Column: Offshore transfer taxation still a worry
Investors could be hit hard if they are taxed on the capital gains earned from the sale of holdings in FPIs
Today, a stable, predictable tax and regulatory regime is a sine qua non for creating a conducive climate for foreign portfolio investors (FPI). Investors wishing to invest in India will, for a very long time, see the Vodafone ruling as an indication of an unstable tax regime.
In an attempt to overrule the Supreme Court’s judgment in the landmark Vodafone ruling, in 2012, the then finance minister amended Section 9 of the Income Tax Act with retrospective effect from April 1, 1962. An Explanation was introduced into the Act that clarified that an asset or capital asset, being any share or interest in a company or entity registered or incorporated outside India, shall be deemed to be situated in India if the share or interest derives its value, directly or indirectly, substantially from assets located in India.

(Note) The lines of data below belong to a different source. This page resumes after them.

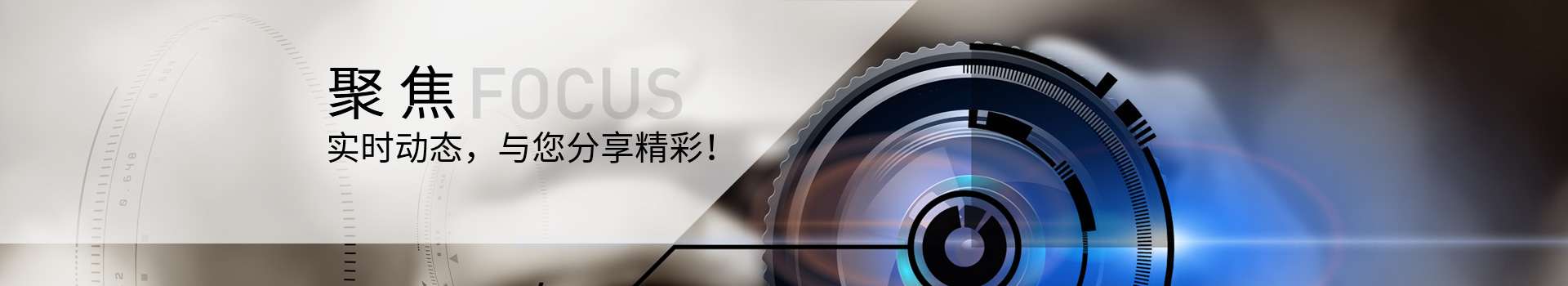 茄子黄色网站机价格
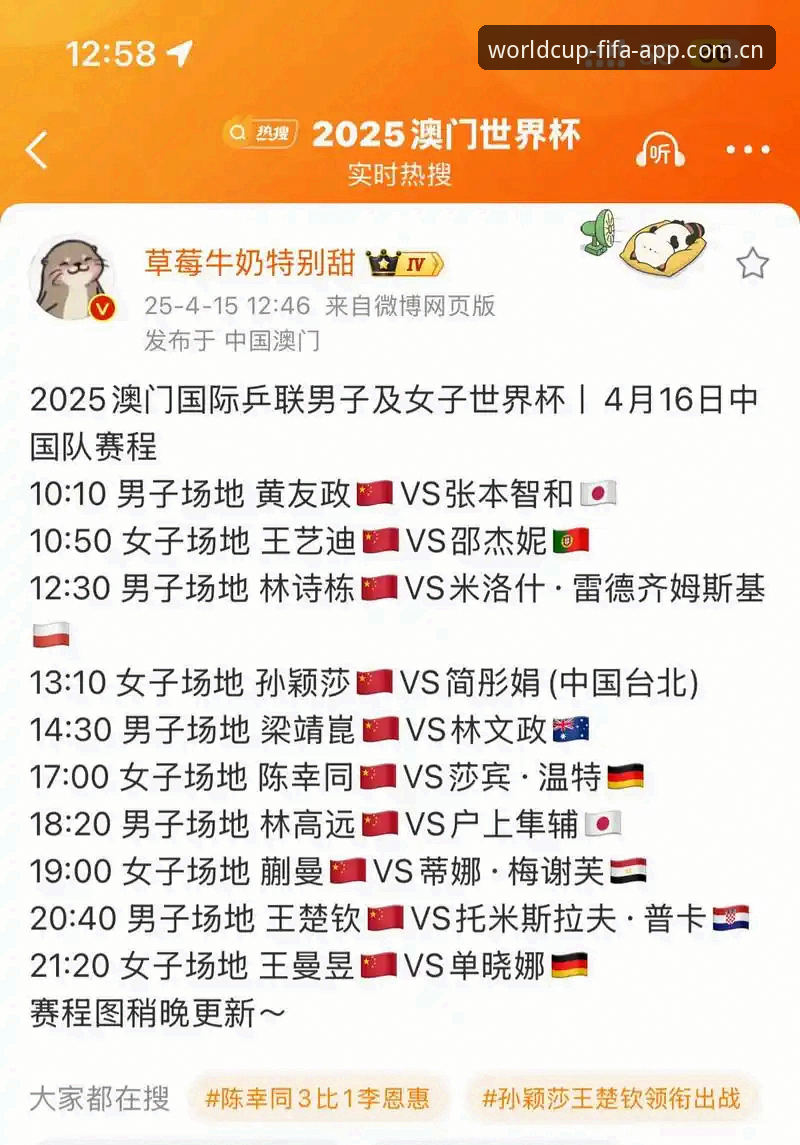 世界杯APP直播质量必备 世界杯APP直播质量必备指南:2025新版体验最新动态与实测心得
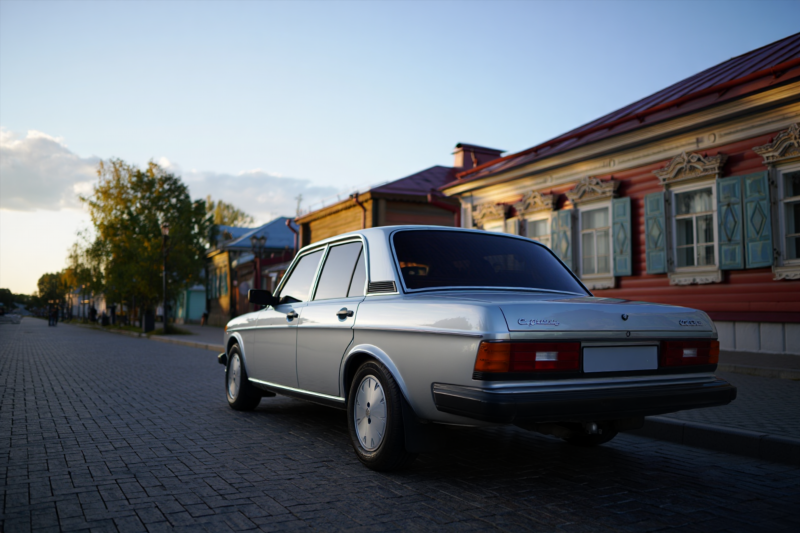 c9b0b01ef9e214db4ad3c5e8ea4e0ee9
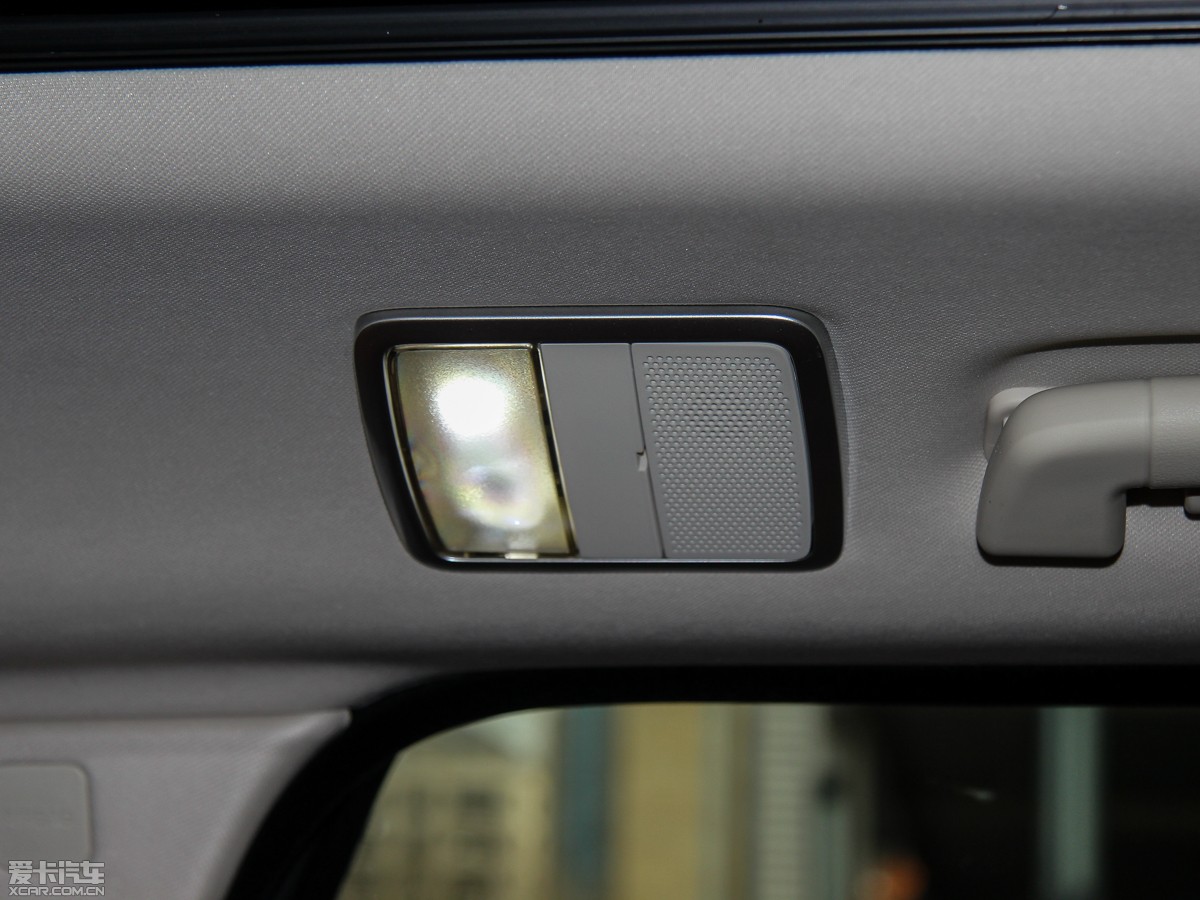 2015\ 3.0 SDV6 HSE Dynamic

The provision was construed to be draconian, considering its wide scope and language, as well as the lack of clarity regarding what would be considered to be deriving value ‘substantially’ from Indian assets. The fact that such a substantive provision was implemented retrospectively raised several concerns in the minds of foreign investors, including FPI, regarding the stability and predictability of the tax regime in India. The intention of the government was to target transactions where the entire Indian business was indirectly transferred from one foreign entity to another entity without discharging any tax thereon. The amendment created quite an uproar in the media, and in the foreign investor space. The government set up an expert committee under the chairmanship of Parthasarthy Shome, to examine the provisions related to indirect transfer and to provide its recommendations to the government. The committee published its draft report, containing various recommendations relating to the provisions of indirect transfer, in October 2012.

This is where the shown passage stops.